Los sobrinos de Calixto —Pedro Luis y Rodrigo— pasaron de inmediato a ocupar puestos de responsabilidad en la corte pontificia. Pero el nepotismo de que hizo gala Alfonso de Borja era casi una norma de supervivencia para el pontífice de turno, rodeado por camarillas de enemigos y falsos amigos, y necesitado imperiosamente del apoyo de personas de total confianza que no podían ser otras que sus parientes directos. Muchos autores han analizado a fondo la «utilidad» del nepotismo, sin el cual no habrían sobrevivido los papas, ya que la monarquía vaticana, al no ser hereditaria, coloca al pontífice en una extraña situación de aislamiento. Así las cosas, Pedro Luis fue convertido sin tardanza en prefecto de Roma y Gran Gonfalonero de la Iglesia, portaestandarte de Cristo, con mando sobre las plazas de Spoleto, Terni y Orvieto, además de otros cargos y dignidades con prebendas diversas.

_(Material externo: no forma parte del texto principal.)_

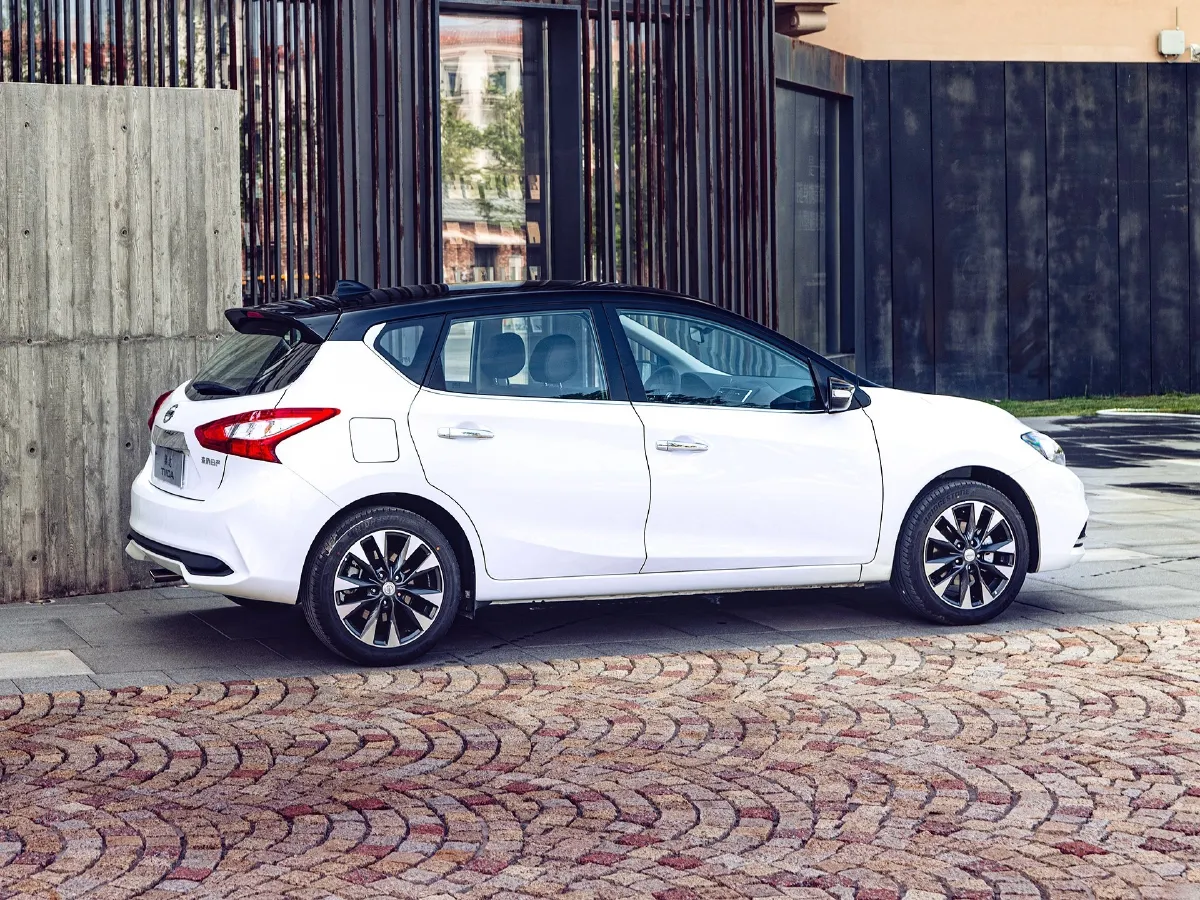 Nissan Tiida,autocango,china used car exporter,china ev exporter,chinese used car exporter,chinese used ev exporter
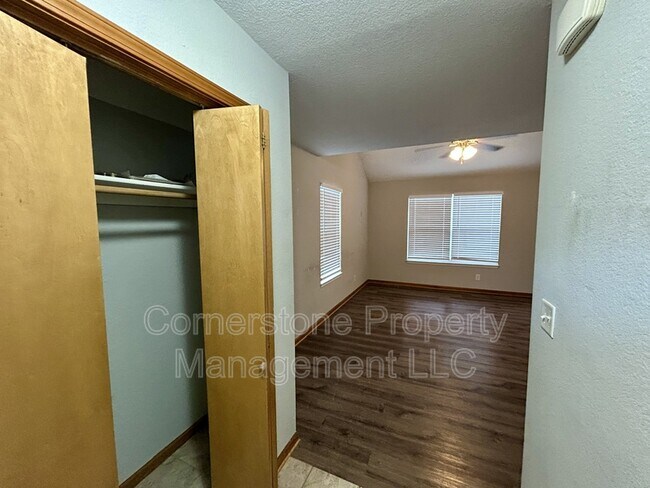 Foto del edificio - 1500 E 24th St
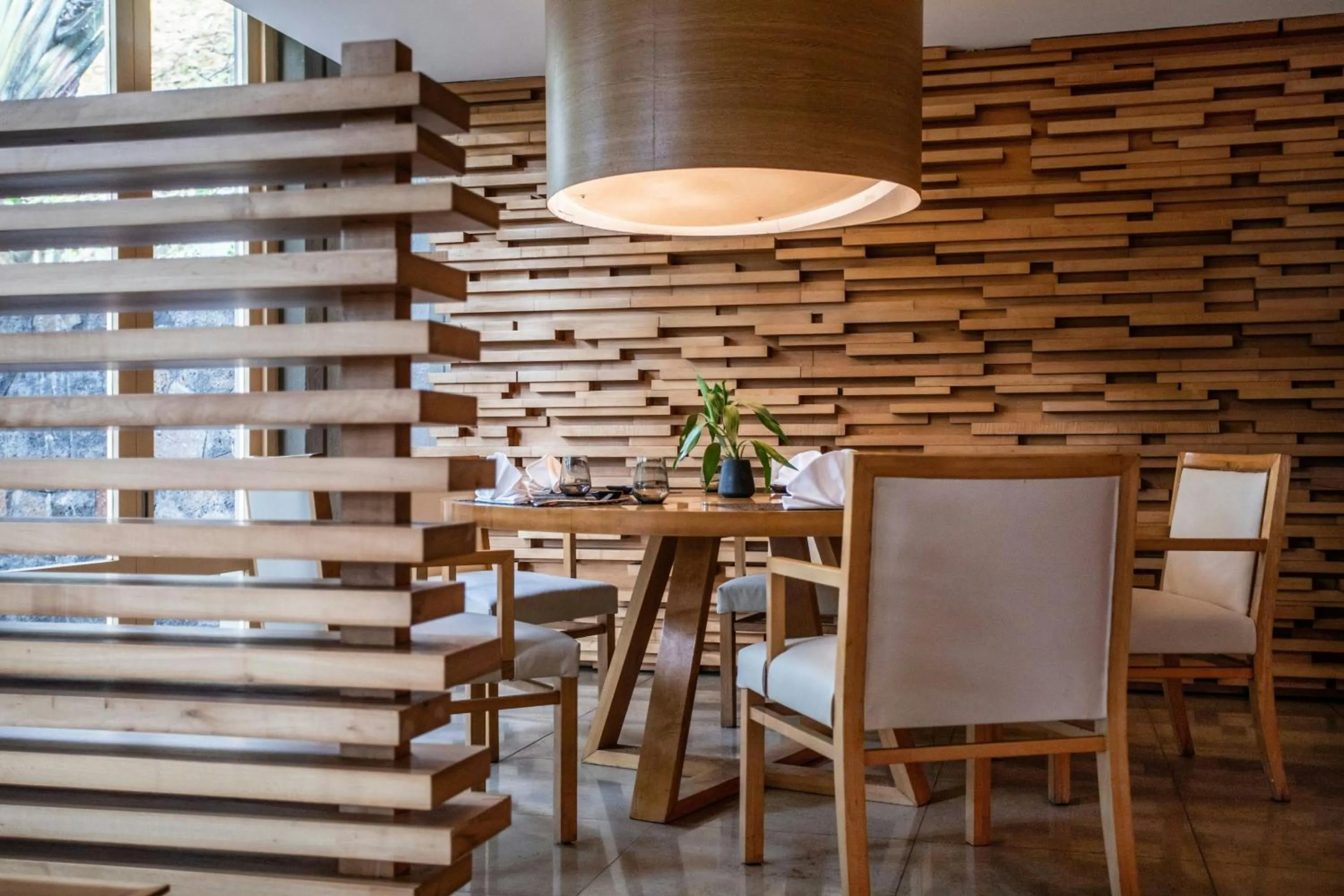 Restaurant/places to eat in The St. Regis Le Morne Resort, Mauritius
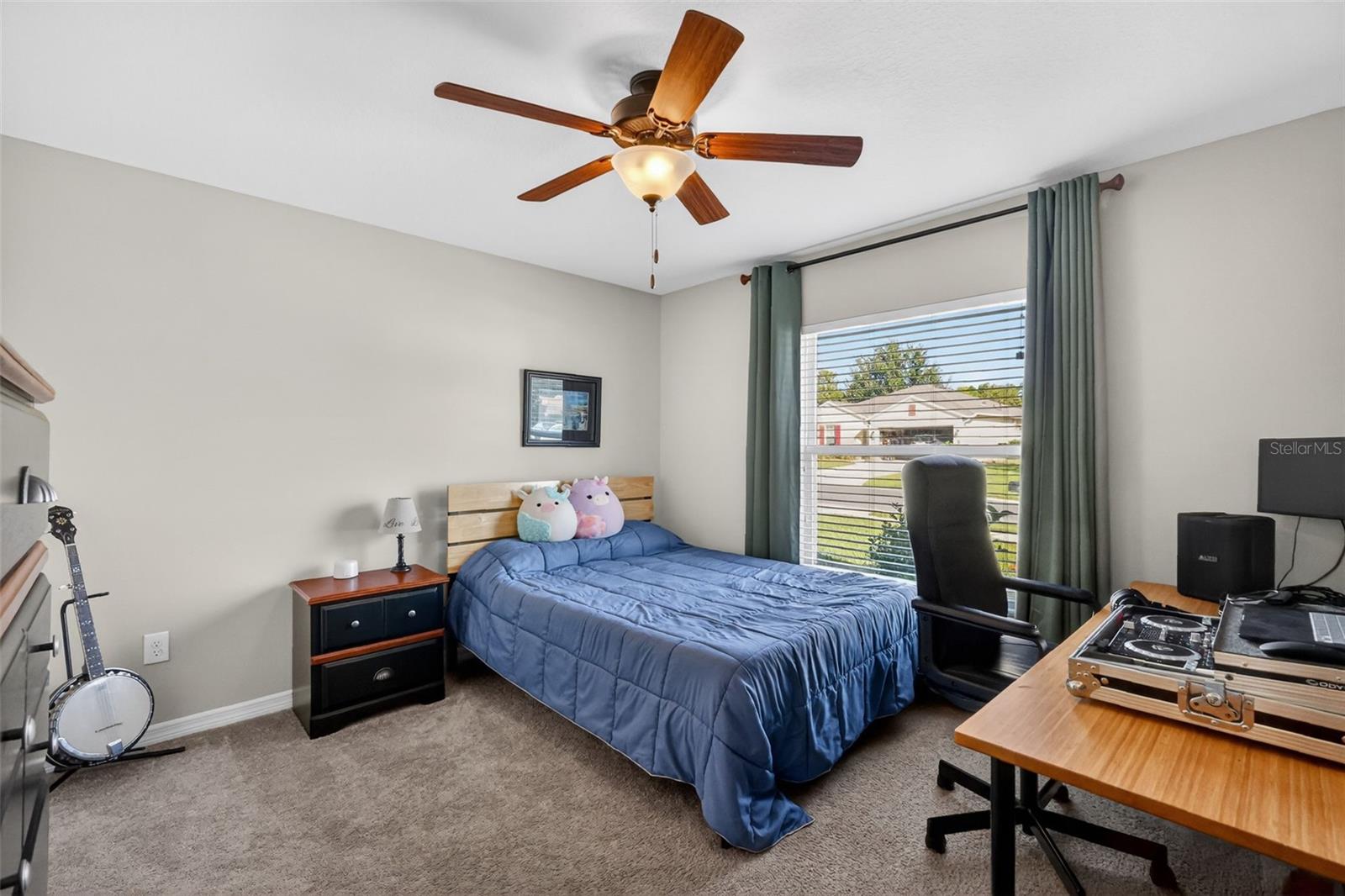 ARLINGTON RIDGE - Residential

Para Rodrigo se abría un futuro brillante que habría de depararle la tiara pontificia muchos años después.
CARDENAL Y DOCTOR
Todo ocurrió con celeridad. Menos de un año después de la elección de Calixto III, Rodrigo Borgia recibía el capelo cardenalicio con la titularidad de la basílica romana de San Nicolás in Carcere, y su primo, Luis Juan de Milà —hijo de Catalina, otra hermana del papa Calixto—, obtiene el mismo título, «heredando» la basílica de los Cuatro Santos Coronados.